Real-World Use Cases and Case Studies

Use Case 1: Healthcare Documentation Assistant

A hospital network deployed Ollama running Llama 3 70B (Q4) on an air-gapped server with dual A100 GPUs. Doctors dictate notes, and the model generates structured clinical summaries, ICD-10 codes, and referral letters—all without any patient data leaving the premises. The system processes 500 documents per day with a human-in-the-loop review step. Latency averages 3 seconds per document, which is acceptable since the previous manual process took 15-20 minutes per note.

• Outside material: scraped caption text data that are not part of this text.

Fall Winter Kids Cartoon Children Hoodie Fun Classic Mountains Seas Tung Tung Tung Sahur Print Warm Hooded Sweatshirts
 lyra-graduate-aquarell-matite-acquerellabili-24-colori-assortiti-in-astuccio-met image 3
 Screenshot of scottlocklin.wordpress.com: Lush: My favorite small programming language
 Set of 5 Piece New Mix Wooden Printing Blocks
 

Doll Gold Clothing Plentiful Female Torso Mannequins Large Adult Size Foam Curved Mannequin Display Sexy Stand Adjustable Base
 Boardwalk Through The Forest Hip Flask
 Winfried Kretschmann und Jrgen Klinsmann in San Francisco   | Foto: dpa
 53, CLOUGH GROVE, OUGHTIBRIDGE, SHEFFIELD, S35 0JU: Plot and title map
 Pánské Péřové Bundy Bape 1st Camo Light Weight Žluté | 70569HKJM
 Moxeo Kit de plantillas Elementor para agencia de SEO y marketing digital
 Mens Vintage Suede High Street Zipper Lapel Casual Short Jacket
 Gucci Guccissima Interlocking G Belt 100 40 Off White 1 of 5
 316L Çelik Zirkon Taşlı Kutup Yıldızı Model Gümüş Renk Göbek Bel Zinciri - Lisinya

Use Case 2: Code Review Pipeline

A software consultancy integrated llama.cpp into their CI/CD pipeline. On each pull request, a 13B code model reviews the diff, identifies potential bugs, suggests improvements, and checks for security vulnerabilities. Running locally eliminated the $2,000/month API cost they'd been spending on cloud LLMs. The model runs on a dedicated build server with an RTX 4090, processing each PR in under 30 seconds.

Use Case 3: Offline Mobile AI

A field service application for oil rig technicians needed AI assistance without reliable internet connectivity. They deployed a 7B model via Ollama on ruggedized laptops with RTX 3060 GPUs. The model answers technical questions, interprets sensor readings, and guides troubleshooting procedures. When connectivity is available, the app syncs conversation logs for quality monitoring and model feedback.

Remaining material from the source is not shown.